++++ Extracted records ++++

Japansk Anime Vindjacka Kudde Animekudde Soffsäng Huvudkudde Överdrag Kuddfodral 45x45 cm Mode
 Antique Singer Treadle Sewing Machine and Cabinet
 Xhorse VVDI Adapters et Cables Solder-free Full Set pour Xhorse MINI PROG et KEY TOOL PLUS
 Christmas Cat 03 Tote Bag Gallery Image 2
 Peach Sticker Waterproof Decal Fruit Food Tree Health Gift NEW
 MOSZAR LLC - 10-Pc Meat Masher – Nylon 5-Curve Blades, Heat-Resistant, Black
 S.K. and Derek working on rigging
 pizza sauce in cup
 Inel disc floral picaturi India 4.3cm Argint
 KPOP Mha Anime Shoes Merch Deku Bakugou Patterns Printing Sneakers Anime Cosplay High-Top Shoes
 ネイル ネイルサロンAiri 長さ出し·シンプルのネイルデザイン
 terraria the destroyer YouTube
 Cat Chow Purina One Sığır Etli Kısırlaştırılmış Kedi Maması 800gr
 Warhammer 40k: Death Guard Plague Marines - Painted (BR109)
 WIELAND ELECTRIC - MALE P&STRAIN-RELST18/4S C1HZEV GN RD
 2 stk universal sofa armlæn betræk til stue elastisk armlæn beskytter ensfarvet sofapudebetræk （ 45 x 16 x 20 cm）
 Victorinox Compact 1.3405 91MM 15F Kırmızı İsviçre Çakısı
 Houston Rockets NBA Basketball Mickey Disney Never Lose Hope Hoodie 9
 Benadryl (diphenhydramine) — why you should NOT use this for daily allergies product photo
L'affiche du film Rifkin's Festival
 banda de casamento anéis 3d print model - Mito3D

++++

Activity:
Locate the word "Anime" in the entries, and copy every line where it is found.

Answer section:
Japansk Anime Vindjacka Kudde Animekudde Soffsäng Huvudkudde Överdrag Kuddfodral 45x45 cm Mode
 KPOP Mha Anime Shoes Merch Deku Bakugou Patterns Printing Sneakers Anime Cosplay High-Top Shoes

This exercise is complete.